The relative success of Roc Marciano’s two albums, 2010’s Marcberg and last November’s Reloaded, has been offered as proof that the boom-bap sound that dominated much of ‘90s New York rap is still somehow alive 12 years after that decade ended. To place intent, however, on his creative process, however, would be misleading: much of Marciano’s talent comes from his own comfort with the sound he has chosen to create.
Listening to a song like 2010’s “Snow”, for example, it is remarkably apparent that while the “Funky Drummer” style drum sample and Marciano’s Wu-reminiscent flow harken back to an era when those elements were par for the course in hip-hop, the song is a manifestation of Roc’s specific vision, rather than an attempt to form his music to the template of a sub-genre. Roc Marciano, in other words, makes the music he likes and that music just happens to be boom-bap.
The passing of Pro Era’s Capital Steez this past Christmas Eve was not only a shocking and tragic example of teen suicide, it was the loss of Pro Era’s most visionary member in a similarly visionary regard. Steez’s own mixtape, recently reissued as AmeriKKKan Korruption Reloaded was an enthusiastic showing of Pro Era’s true potential, exhibiting quietly envelope-pushing sounds and the crews most potent rapping.
While it would be easy to see Peep: The aPROcalypse as Capital Steez’s swan song, as the rap community has done with the final contributions of many of its late artists, his influence on the tape actually seems relatively small. No, it’s sounds like Joey Bada$$ is at the helm here, dealing out straight ‘90s throwbacks just like he did on his debut mixtape 1999. Unlike Roc Marciano and Capital Steez, Joey raps and picks beats with nostalgia in mind. The tape is a pastiche of golden age flavor with little backbone. All of the Illmatic and “Top Billin” samples in the world can’t give substance to rappers who show as little direction as these guys.

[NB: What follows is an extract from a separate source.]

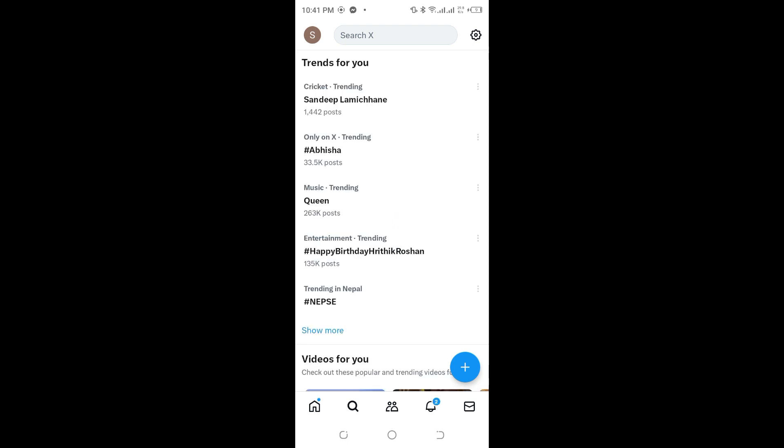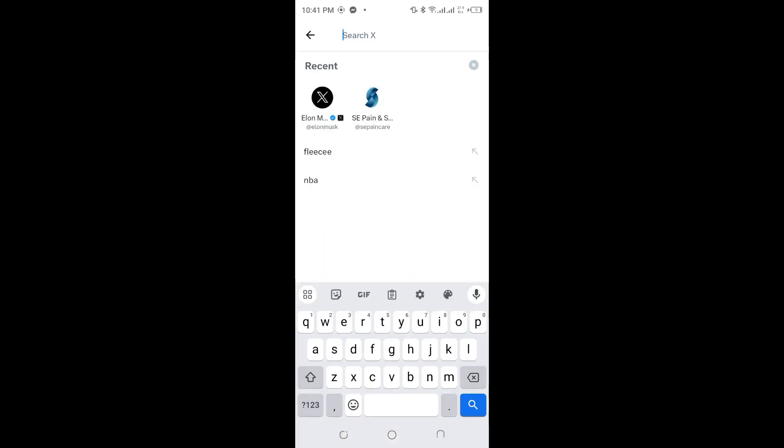Tap on the search icon at the top. Here you can see there are some recent searches and other searches as well. On the top right corner, there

While there are definitely exceptions (Dyemond Lewis’ verse of “Last Cypher” comes to mind) most of the tape consists of a number of very similar rappers reducing Wu-Tang and Nas flows to their inessential elements, taking the easy going attitude and internal rhyme structures and removing all of the interesting and charged subject matter. In fact, it’s replaced with an equally outdated superiority complex. “F A Rap Critic” repeats the line “you talk about it while I live it”. While they are probably right, it’s not exactly a very good argument for music that puts up little other than the aura of “classic” and a big ego as evidence of its own quality.